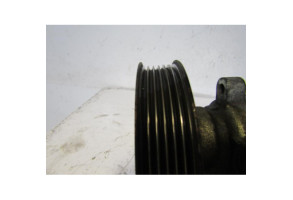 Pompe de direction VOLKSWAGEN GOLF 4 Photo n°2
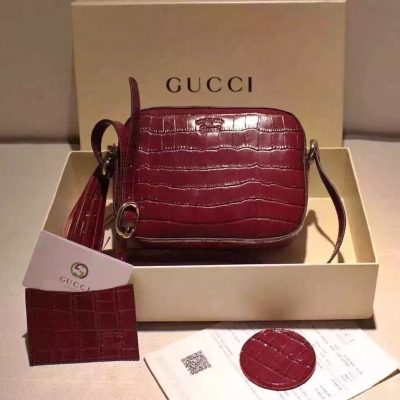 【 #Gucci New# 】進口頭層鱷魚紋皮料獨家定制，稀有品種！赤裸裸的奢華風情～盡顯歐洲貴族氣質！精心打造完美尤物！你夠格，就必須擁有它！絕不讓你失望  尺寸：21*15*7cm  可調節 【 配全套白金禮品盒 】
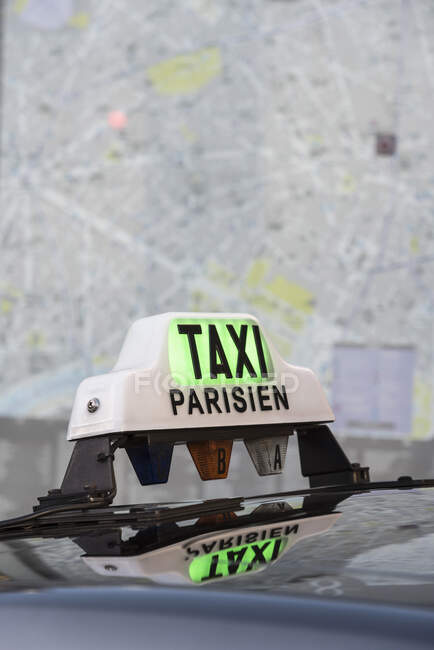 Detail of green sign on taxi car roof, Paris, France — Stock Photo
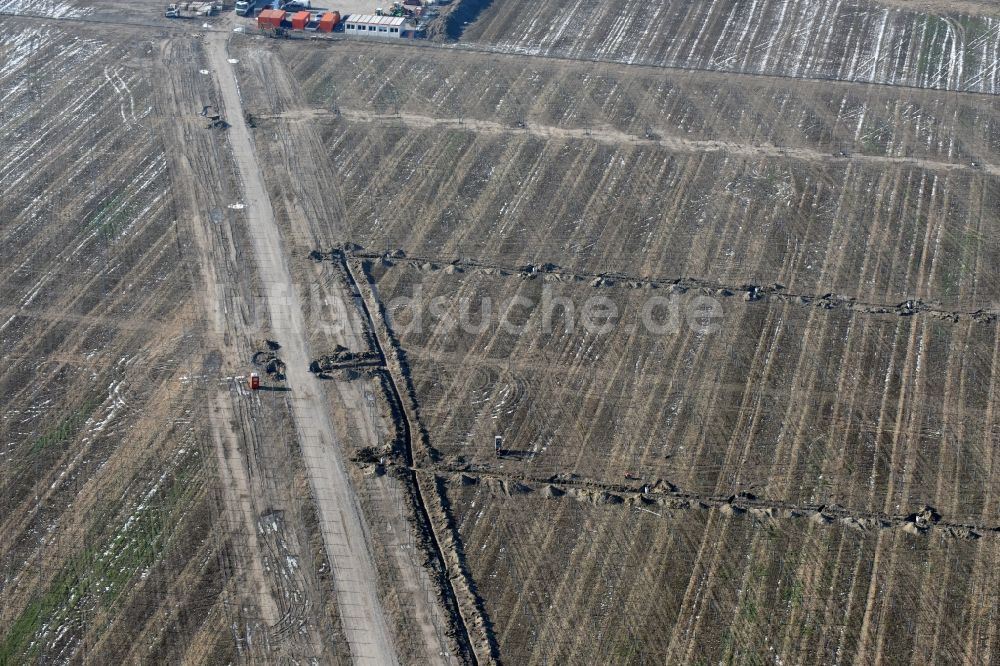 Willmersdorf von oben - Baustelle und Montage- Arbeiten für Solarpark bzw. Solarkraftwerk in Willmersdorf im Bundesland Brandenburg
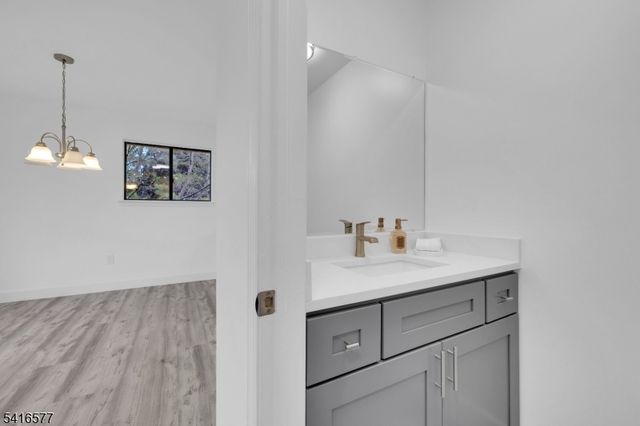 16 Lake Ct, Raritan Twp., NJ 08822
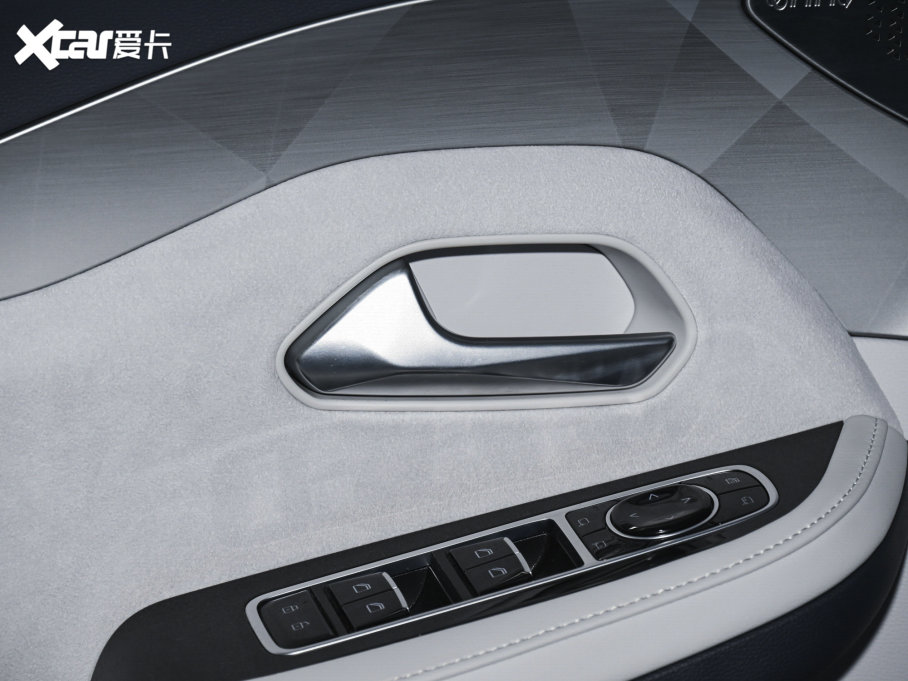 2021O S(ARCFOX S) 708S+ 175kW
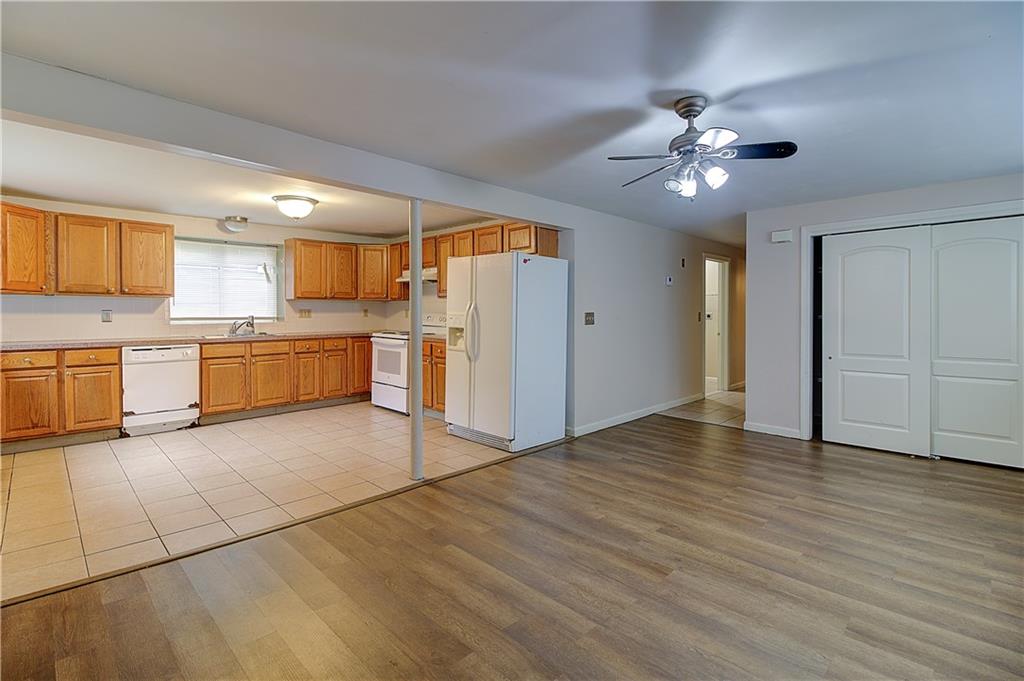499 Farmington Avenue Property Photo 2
━━━━
### What you will do
Write out exactly the lines from the line that contains "16 Lake Ct, Raritan Twp., NJ 08822" through the end of the material, including both ends. No pictures belong in the copy.

### Output for this task
 16 Lake Ct, Raritan Twp., NJ 08822
 2021O S(ARCFOX S) 708S+ 175kW
499 Farmington Avenue Property Photo 2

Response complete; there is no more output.